The deeper question — and the one scholars keep returning to — is whether the women at the center of these stories are truly masters of their own fate, or whether even their rebellion is still being scripted by someone else. When “Poor Things’” Bella Baxter walks into the world on her own terms, is that liberation, or a new fantasy about what liberated women look like? As Wosk puts it, “Are we reliving that old conception of the freakish, pitied creature?” she asks, “Or is there something so poignant and alive about it that it’s something entirely new? That’s what I’m really curious about.”

THE BRIDE!, from left: Christian Bale as Frankenstein’s Monster, Jessie Buckley as The Bride.
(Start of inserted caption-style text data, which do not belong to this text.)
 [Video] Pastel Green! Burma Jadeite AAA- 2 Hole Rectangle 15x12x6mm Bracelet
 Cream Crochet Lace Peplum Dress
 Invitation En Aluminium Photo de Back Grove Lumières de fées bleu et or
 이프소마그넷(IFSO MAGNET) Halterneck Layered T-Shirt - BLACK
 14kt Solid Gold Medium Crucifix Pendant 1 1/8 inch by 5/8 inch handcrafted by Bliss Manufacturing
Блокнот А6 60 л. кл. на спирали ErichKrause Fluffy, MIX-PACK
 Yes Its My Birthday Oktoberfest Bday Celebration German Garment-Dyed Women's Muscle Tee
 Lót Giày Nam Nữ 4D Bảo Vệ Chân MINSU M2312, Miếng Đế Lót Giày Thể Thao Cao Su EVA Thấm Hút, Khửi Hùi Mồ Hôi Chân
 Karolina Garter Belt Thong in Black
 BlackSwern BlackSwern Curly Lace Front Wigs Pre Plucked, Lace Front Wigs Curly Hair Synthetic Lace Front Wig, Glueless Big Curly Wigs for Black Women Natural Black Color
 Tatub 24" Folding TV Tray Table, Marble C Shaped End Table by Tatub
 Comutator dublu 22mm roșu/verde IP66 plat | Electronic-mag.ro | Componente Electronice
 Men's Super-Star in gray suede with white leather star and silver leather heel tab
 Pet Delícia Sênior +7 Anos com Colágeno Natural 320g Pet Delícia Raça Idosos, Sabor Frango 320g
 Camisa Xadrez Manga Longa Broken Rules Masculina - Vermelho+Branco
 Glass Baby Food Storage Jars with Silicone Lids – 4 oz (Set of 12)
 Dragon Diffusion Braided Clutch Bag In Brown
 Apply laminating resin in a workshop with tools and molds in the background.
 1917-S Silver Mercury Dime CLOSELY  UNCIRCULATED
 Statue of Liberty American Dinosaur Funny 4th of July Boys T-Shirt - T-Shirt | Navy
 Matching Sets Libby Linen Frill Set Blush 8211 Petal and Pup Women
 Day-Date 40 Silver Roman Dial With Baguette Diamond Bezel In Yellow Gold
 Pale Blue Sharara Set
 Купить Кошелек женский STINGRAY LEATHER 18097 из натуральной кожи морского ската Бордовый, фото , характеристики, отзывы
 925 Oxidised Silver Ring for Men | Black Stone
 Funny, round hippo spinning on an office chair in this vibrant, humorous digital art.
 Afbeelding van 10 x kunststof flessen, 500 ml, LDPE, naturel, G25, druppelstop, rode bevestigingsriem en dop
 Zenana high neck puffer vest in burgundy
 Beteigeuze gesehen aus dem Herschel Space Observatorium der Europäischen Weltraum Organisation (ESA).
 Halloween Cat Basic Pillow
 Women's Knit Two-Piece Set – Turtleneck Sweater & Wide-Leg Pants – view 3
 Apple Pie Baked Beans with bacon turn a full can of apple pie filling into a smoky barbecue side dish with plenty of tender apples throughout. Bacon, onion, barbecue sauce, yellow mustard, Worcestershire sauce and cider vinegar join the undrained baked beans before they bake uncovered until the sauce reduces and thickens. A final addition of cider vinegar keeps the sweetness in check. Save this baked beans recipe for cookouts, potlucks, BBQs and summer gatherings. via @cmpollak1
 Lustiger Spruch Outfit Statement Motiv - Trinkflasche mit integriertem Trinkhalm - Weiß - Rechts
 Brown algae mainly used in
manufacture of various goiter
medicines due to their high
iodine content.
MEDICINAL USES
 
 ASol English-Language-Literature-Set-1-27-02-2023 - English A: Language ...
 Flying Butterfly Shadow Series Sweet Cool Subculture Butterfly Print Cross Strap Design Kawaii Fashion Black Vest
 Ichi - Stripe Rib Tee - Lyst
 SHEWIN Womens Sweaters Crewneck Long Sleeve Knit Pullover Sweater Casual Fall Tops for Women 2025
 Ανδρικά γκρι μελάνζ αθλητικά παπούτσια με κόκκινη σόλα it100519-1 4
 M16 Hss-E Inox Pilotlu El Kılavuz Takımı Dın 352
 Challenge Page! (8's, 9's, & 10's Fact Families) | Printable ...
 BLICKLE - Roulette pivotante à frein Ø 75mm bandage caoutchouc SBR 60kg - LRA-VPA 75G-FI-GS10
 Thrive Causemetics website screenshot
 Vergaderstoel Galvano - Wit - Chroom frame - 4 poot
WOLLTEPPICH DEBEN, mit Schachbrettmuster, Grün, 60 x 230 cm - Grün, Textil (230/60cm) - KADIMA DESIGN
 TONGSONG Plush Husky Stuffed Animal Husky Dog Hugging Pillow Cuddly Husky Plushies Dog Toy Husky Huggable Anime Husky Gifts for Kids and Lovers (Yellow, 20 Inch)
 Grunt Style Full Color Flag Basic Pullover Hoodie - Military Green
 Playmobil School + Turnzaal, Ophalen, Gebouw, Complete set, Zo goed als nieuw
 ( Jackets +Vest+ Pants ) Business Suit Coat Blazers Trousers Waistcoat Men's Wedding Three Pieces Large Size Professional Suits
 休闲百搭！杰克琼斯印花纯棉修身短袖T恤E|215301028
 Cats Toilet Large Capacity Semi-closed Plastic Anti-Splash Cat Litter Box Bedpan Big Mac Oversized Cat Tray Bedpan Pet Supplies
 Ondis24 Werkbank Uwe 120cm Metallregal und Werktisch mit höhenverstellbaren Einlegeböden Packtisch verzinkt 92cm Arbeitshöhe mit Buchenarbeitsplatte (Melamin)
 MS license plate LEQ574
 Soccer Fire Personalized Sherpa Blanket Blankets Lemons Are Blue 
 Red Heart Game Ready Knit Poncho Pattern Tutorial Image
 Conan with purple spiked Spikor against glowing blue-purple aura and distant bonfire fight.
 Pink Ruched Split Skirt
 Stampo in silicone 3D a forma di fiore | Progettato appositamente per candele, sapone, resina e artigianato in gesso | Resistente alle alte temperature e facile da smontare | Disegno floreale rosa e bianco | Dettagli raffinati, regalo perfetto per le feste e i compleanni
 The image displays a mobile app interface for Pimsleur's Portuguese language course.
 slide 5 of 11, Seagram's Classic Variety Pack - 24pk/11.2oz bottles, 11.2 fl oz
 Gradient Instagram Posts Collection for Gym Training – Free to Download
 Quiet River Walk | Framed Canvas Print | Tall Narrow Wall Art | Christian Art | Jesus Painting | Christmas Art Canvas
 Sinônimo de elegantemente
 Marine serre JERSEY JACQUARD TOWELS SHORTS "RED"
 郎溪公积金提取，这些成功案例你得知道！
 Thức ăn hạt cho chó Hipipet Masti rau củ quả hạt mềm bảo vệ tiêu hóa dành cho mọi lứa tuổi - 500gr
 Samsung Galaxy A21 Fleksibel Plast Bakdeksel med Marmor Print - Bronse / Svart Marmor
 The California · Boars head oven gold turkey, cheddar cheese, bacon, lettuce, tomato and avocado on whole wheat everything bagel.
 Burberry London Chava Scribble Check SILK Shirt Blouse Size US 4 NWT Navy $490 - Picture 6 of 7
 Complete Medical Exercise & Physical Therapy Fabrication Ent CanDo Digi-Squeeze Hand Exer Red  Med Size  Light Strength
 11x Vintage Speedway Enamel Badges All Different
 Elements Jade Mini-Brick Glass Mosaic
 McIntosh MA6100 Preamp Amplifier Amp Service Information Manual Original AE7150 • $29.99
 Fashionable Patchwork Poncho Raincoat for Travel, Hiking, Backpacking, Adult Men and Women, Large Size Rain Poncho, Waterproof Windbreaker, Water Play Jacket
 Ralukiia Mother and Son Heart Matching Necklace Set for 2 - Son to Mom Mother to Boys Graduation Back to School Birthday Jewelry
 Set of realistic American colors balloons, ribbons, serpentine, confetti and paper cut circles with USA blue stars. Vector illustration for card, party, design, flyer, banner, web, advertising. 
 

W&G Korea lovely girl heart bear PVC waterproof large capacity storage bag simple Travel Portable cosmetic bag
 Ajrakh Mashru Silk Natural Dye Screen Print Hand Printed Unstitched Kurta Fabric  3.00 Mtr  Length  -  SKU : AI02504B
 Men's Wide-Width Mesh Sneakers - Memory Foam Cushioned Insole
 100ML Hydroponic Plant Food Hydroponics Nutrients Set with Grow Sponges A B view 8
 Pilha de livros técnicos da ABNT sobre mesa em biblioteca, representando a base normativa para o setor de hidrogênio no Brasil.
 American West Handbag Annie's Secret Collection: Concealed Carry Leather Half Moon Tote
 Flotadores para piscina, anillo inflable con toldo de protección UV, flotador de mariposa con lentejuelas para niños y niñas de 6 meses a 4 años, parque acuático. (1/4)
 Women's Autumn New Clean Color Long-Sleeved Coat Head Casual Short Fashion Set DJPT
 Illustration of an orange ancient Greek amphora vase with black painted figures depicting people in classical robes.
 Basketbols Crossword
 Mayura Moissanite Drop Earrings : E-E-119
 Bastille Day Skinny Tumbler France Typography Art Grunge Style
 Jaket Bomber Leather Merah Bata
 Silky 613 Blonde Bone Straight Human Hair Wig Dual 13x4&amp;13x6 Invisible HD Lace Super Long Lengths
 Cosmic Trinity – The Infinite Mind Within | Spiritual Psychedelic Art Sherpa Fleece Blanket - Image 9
©Warner Bros/Courtesy Everett Collection
It is a question that “The Bride!” seems built to sit inside rather than resolve. When Gyllenhaal was asked directly who the monster is in her film, she resisted the premise entirely. In her telling, the monstrous lives in all of us; the parts we’re told to suppress, the rage and strangeness that won’t fit the approved version of a person. “I dare you to turn around and shake hands with your monster,” she says. Not to defeat it. To claim it.
Buckley, who was also on the panel, said the Bride’s reanimation isn’t frightening so much as electrifying. “She’s got a mind and body that is reinvigorated in a way that she doesn’t even expect herself. It’s so alive, it’s so monstrous in the most kind of wild, brilliant way.”
For a centuries-old story, it has aged remarkably well — because, of course, it has barely aged at all.
“The idea of a male scientist trying to make an ideal woman, and that woman refusing to be governed by him,” Spooner says. “You can see immediately why it keeps being returned to.”
Whether “The Bride!” answers the deeper question — whether its title character is truly a master of her own fate, or whether she is still, in some way, being made — is something only the film can settle. But the fact that the question is finally being asked at feature length, with Frankenstein’s Bride at the center of her own story, is itself a kind of answer.
For 200 years, nobody thought to ask her. That, at least, has changed.
Jazz Tangcay contributed to this report.